(Stored data entries)

----

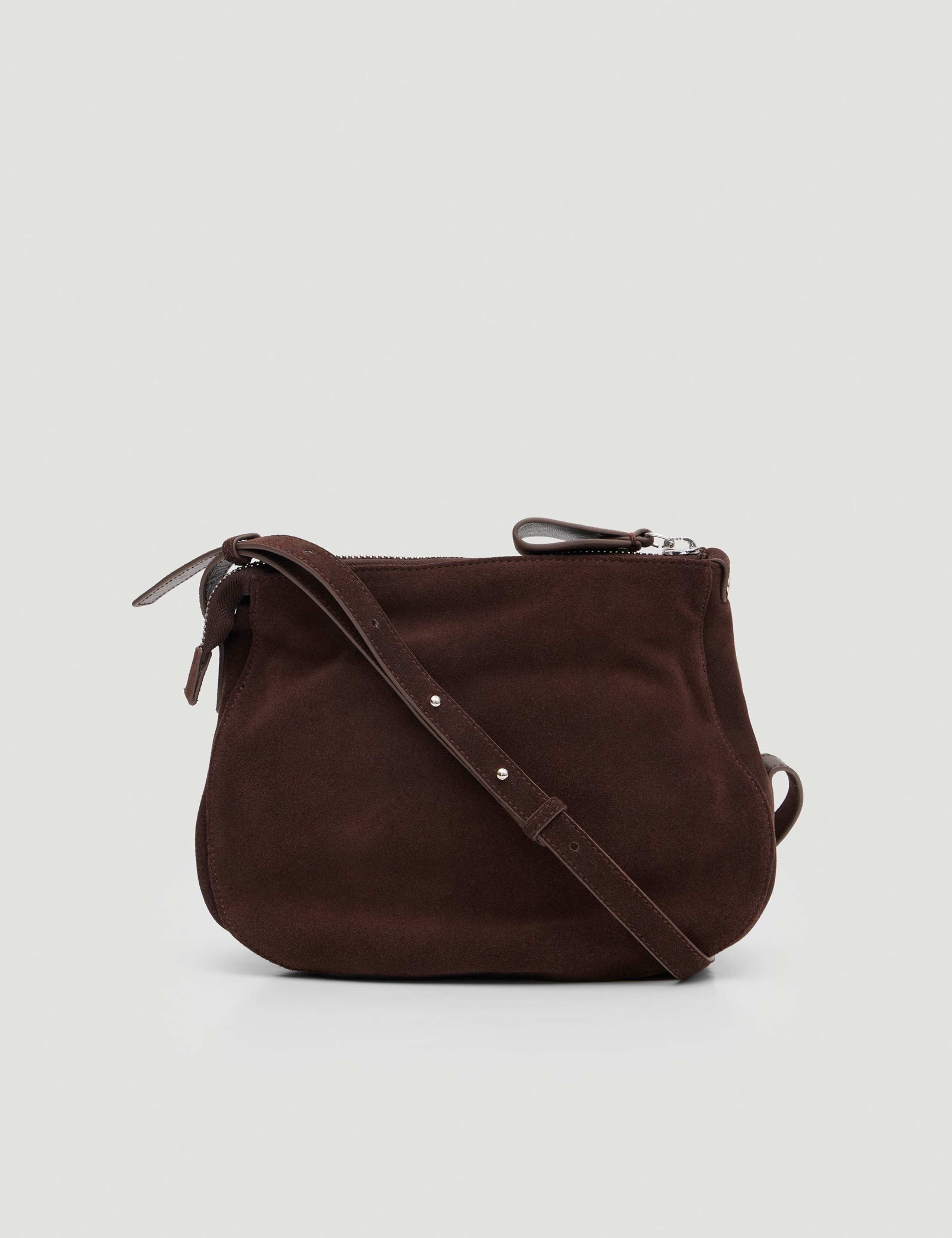 Suede Zip Around Cross Body Bag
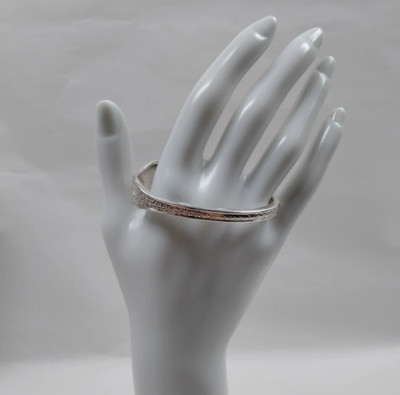 Selten! Vintage Tiffany & Co Armreif Armband Olivenzweig Stil Sterlingsilber 925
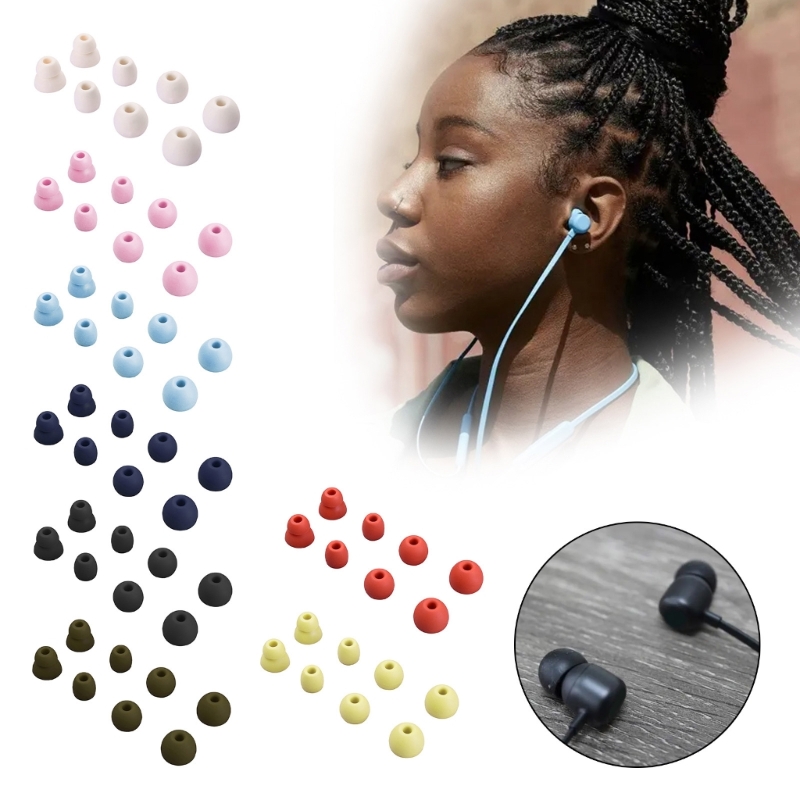 Silikon-Ohrstöpsel als Ersatz für schlägt biegen / X / Powerbeats Earbuds-Ohrstöpsel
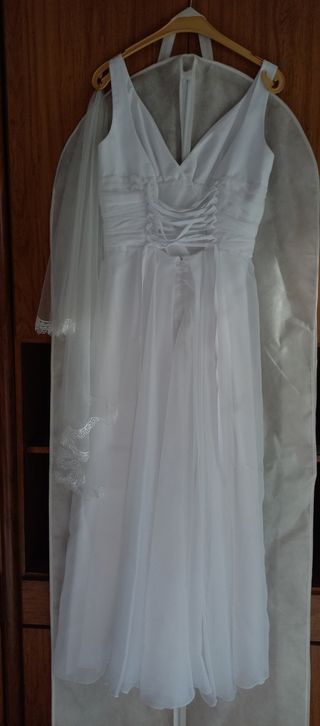 Vestido de novia + velo de novia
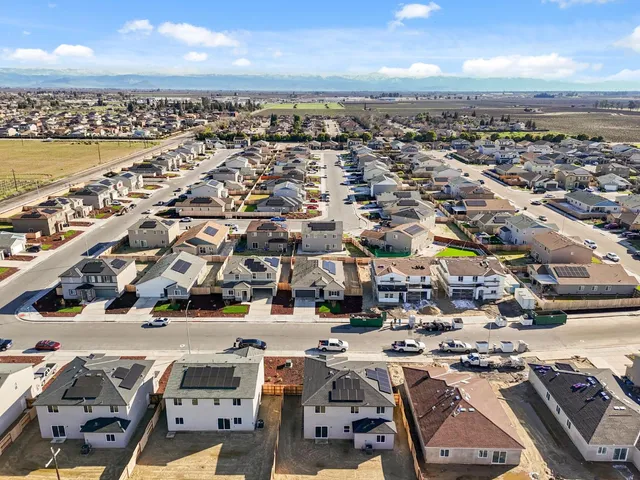 an aerial view of a city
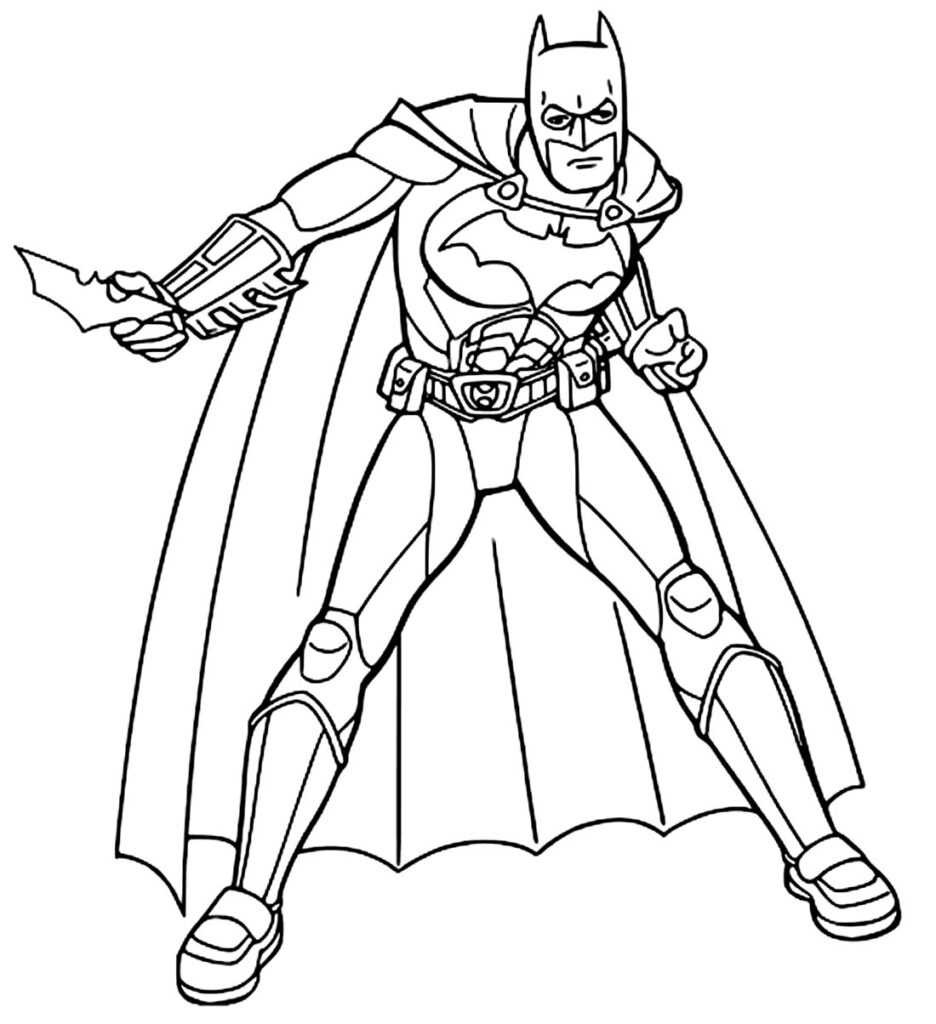 50+ Desenhos do Batman para imprimir e colorir - Dicas Práticas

----

_What this task involves_: For every entry above, write it out exactly and remove any image.

_Reply to the task_:
 Suede Zip Around Cross Body Bag
 Selten! Vintage Tiffany & Co Armreif Armband Olivenzweig Stil Sterlingsilber 925
 Silikon-Ohrstöpsel als Ersatz für schlägt biegen / X / Powerbeats Earbuds-Ohrstöpsel
 Vestido de novia + velo de novia
 an aerial view of a city
 50+ Desenhos do Batman para imprimir e colorir - Dicas Práticas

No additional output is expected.